## WHAT IS REQUIRED
Exclude the pictures and set down, unaltered, the lines from the one that holds "Foto de Casa" through the end of the data.

Records drawn from a dataset:
===

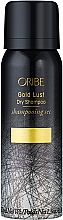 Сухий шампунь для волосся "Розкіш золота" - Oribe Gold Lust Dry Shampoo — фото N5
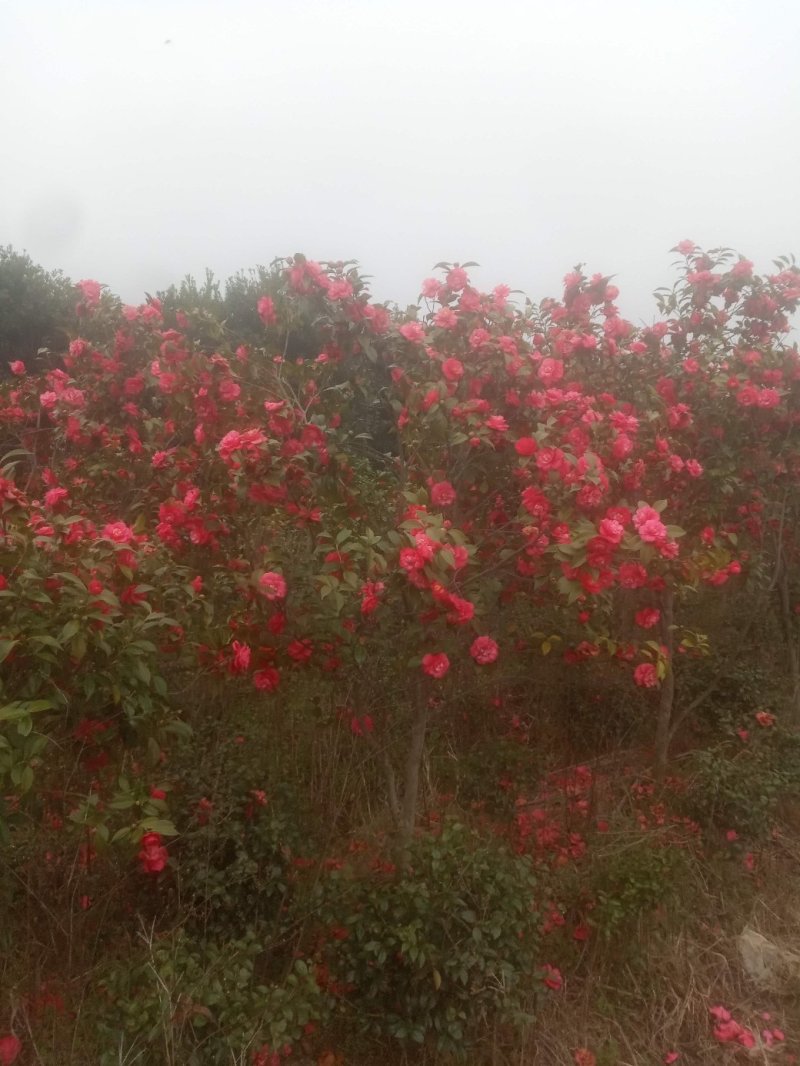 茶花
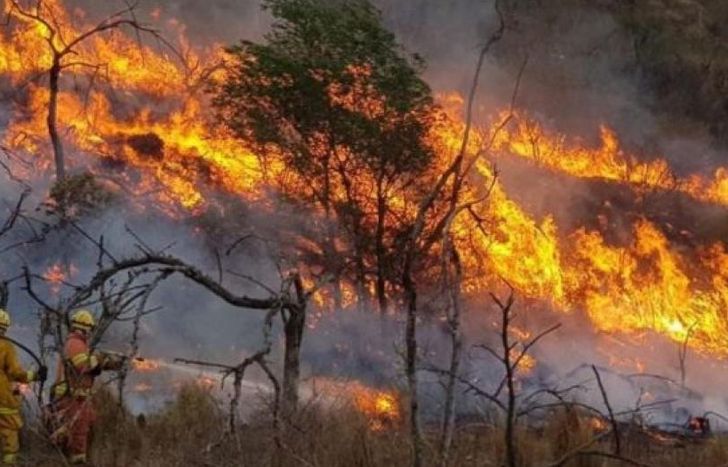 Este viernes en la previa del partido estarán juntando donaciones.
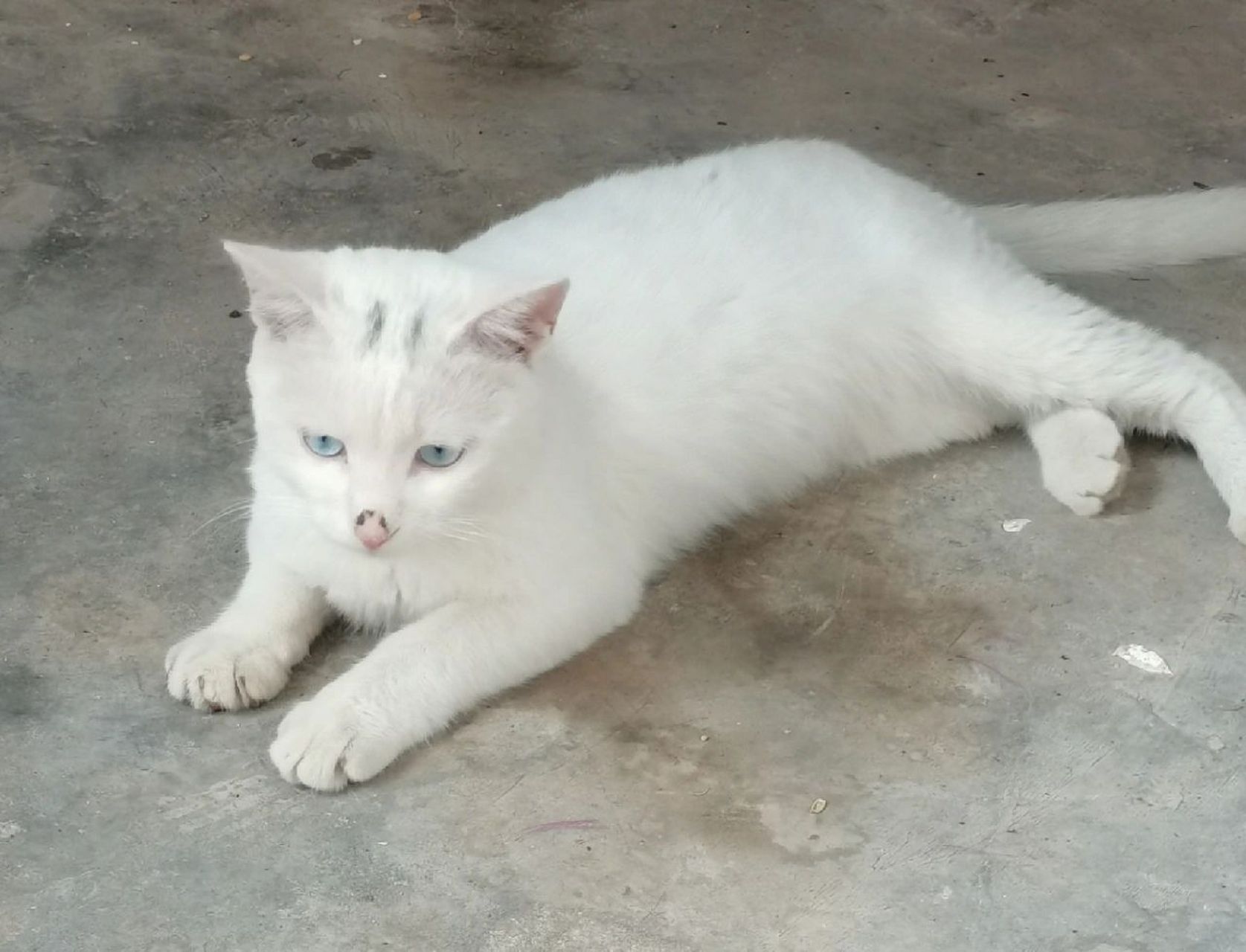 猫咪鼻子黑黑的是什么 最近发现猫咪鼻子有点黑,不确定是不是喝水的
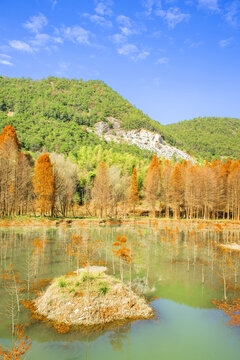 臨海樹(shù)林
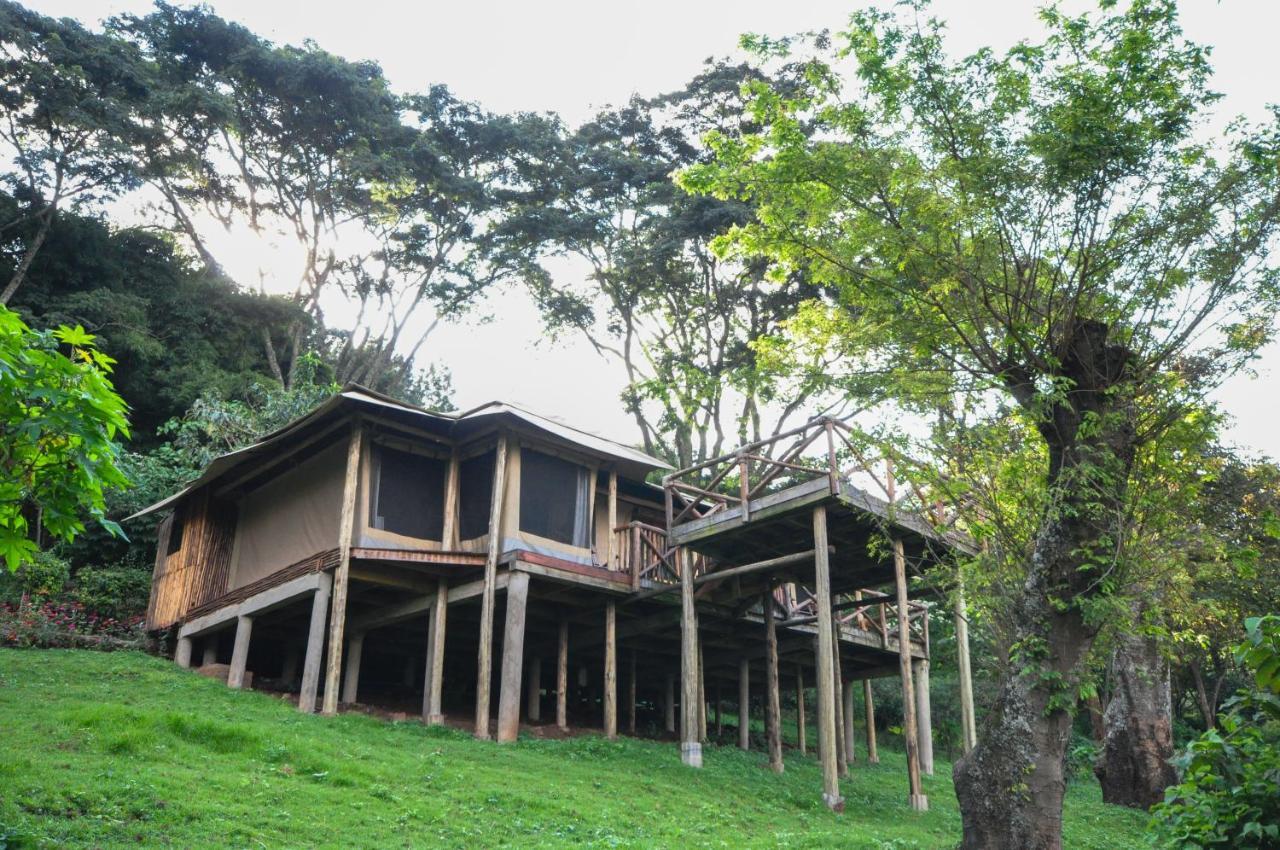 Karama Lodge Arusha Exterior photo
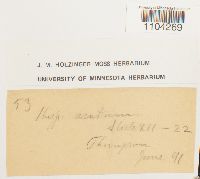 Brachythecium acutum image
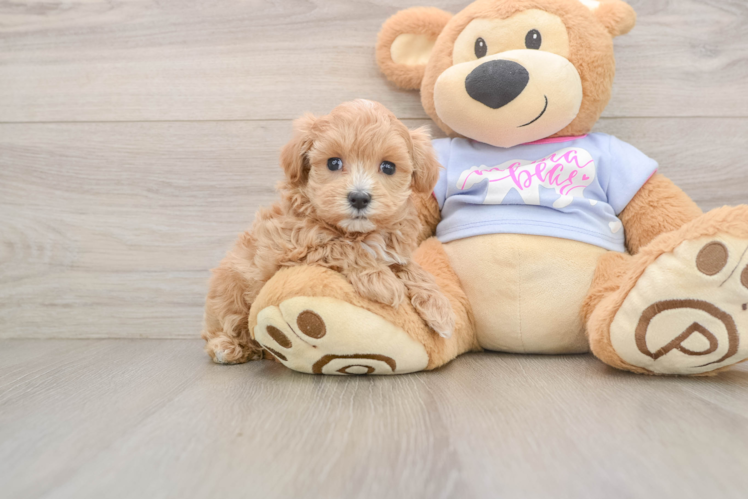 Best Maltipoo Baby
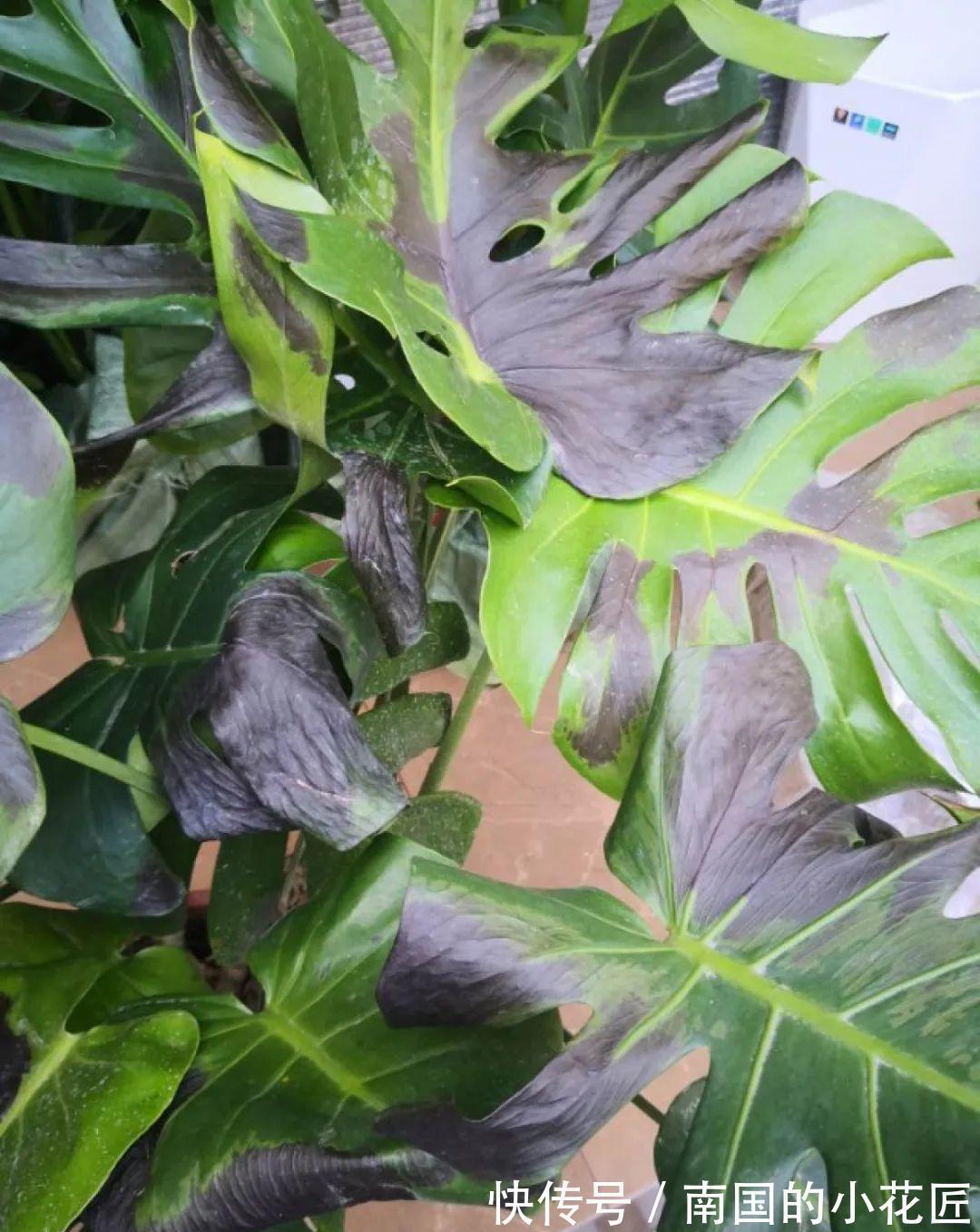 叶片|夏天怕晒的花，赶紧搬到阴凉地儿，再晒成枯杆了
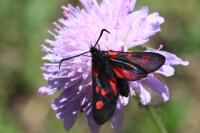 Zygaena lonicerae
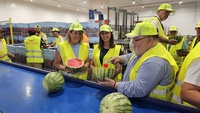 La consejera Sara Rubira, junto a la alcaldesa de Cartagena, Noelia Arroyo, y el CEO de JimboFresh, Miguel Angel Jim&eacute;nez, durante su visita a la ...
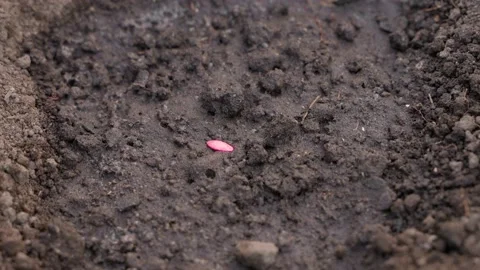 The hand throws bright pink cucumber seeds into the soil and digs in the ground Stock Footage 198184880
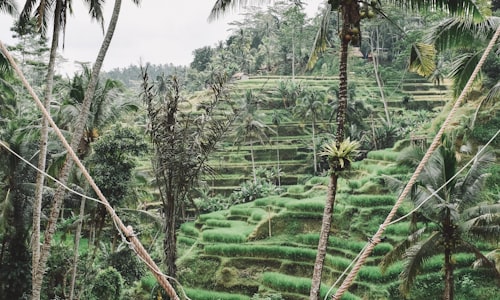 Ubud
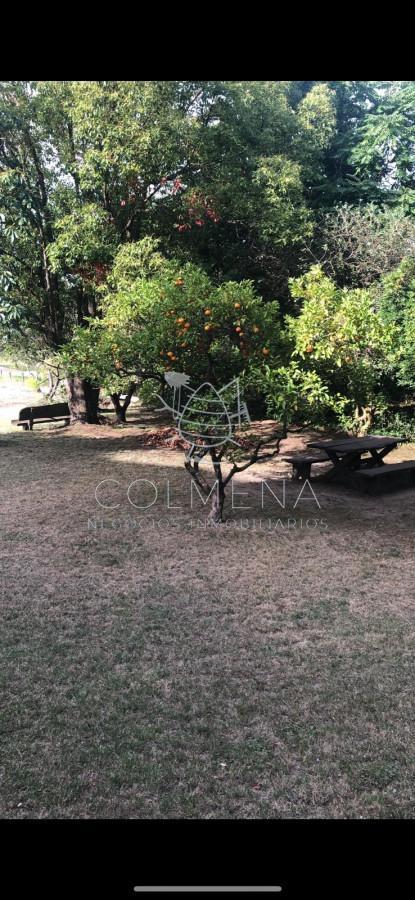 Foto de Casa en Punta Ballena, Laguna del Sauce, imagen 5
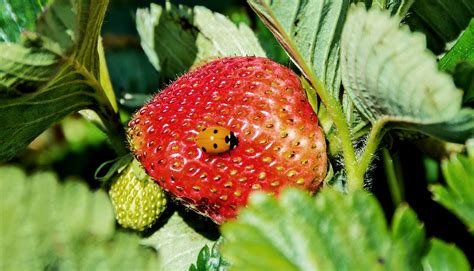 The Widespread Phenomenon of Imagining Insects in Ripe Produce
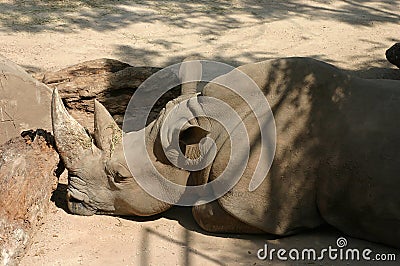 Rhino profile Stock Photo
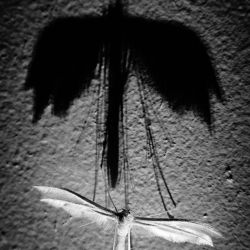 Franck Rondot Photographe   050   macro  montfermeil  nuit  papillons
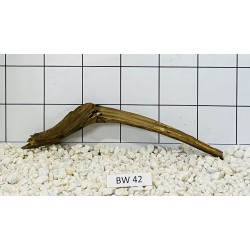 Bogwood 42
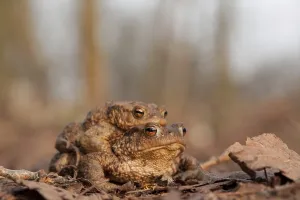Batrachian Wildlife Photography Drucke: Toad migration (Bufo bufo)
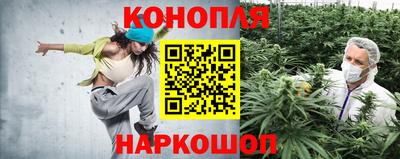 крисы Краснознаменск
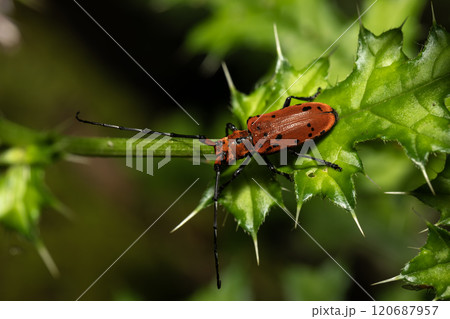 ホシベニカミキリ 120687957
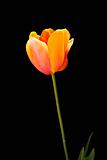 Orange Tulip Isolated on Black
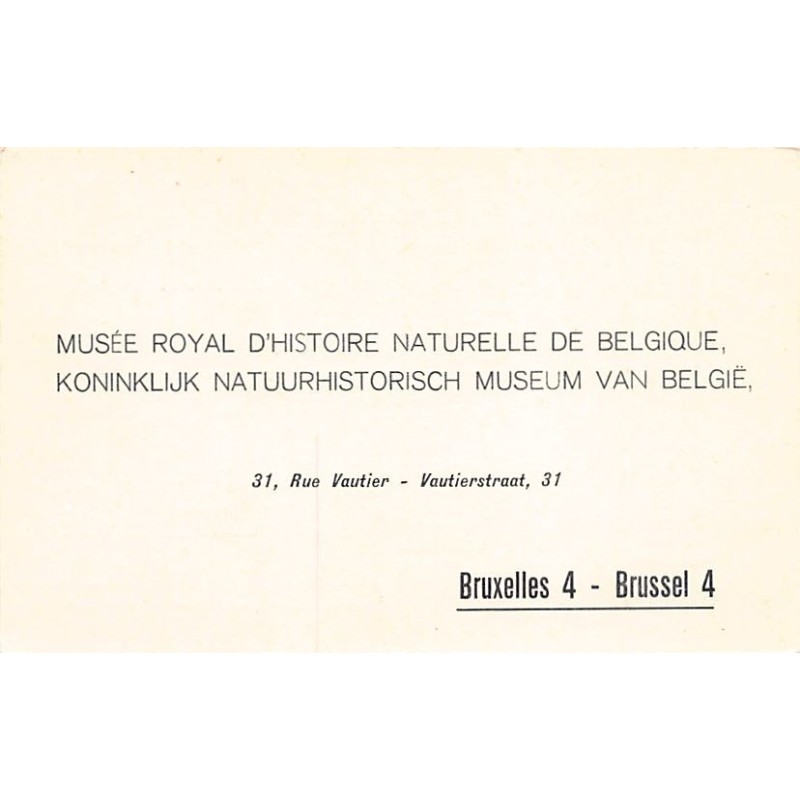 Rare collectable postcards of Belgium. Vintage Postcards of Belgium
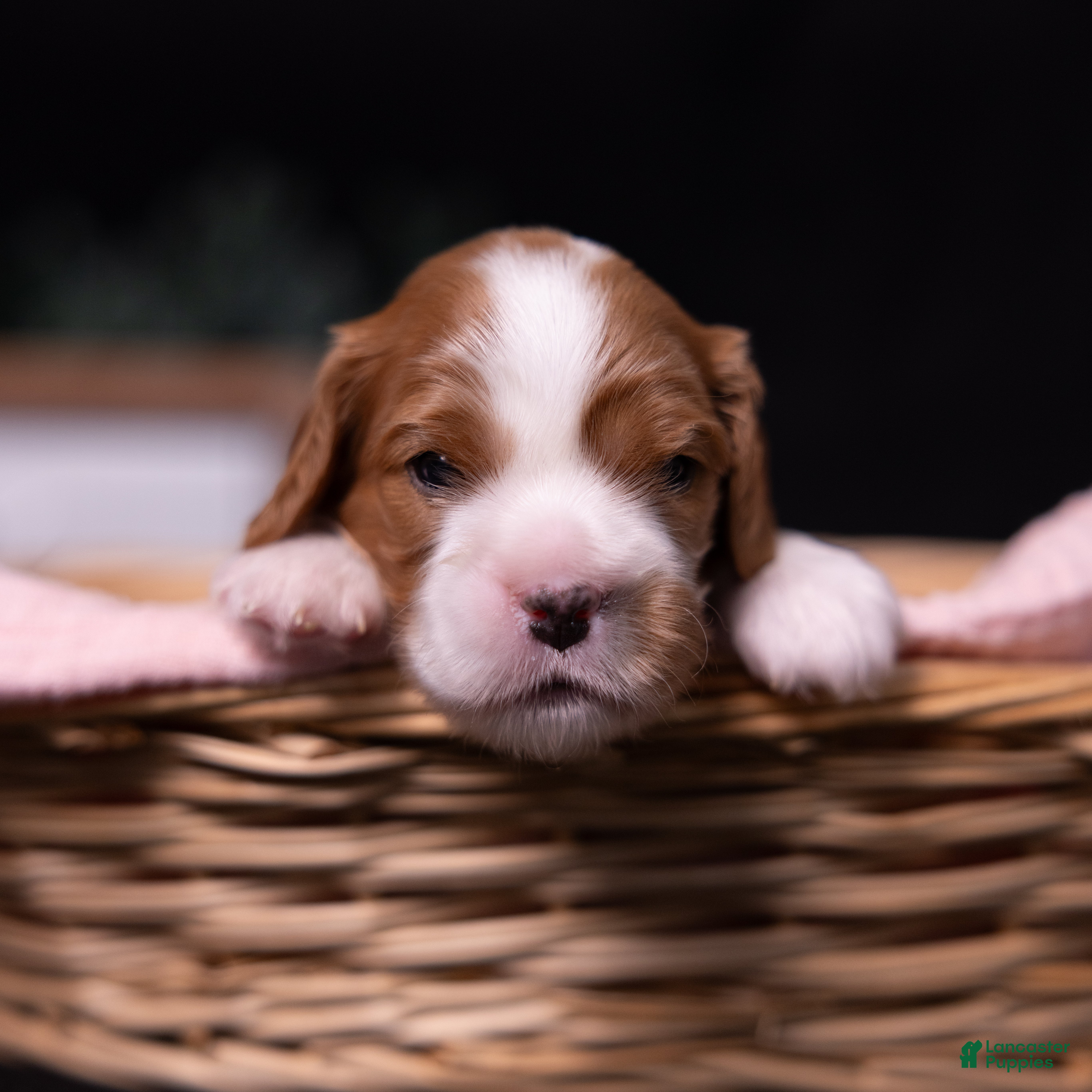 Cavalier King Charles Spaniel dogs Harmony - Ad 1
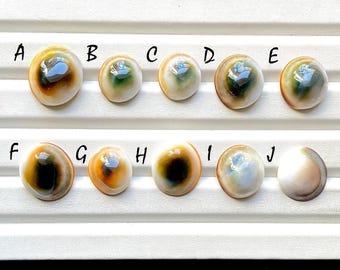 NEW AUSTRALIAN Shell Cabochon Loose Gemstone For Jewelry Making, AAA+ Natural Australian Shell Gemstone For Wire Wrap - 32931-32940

===

## SOLUTION FOR THIS EXERCISE
 Foto de Casa en Punta Ballena, Laguna del Sauce, imagen 5
 The Widespread Phenomenon of Imagining Insects in Ripe Produce
 Rhino profile Stock Photo
 Franck Rondot Photographe   050   macro  montfermeil  nuit  papillons
 Bogwood 42
Batrachian Wildlife Photography Drucke: Toad migration (Bufo bufo)
 крисы Краснознаменск
 ホシベニカミキリ 120687957
 Orange Tulip Isolated on Black
 Rare collectable postcards of Belgium. Vintage Postcards of Belgium
 Cavalier King Charles Spaniel dogs Harmony - Ad 1
 NEW AUSTRALIAN Shell Cabochon Loose Gemstone For Jewelry Making, AAA+ Natural Australian Shell Gemstone For Wire Wrap - 32931-32940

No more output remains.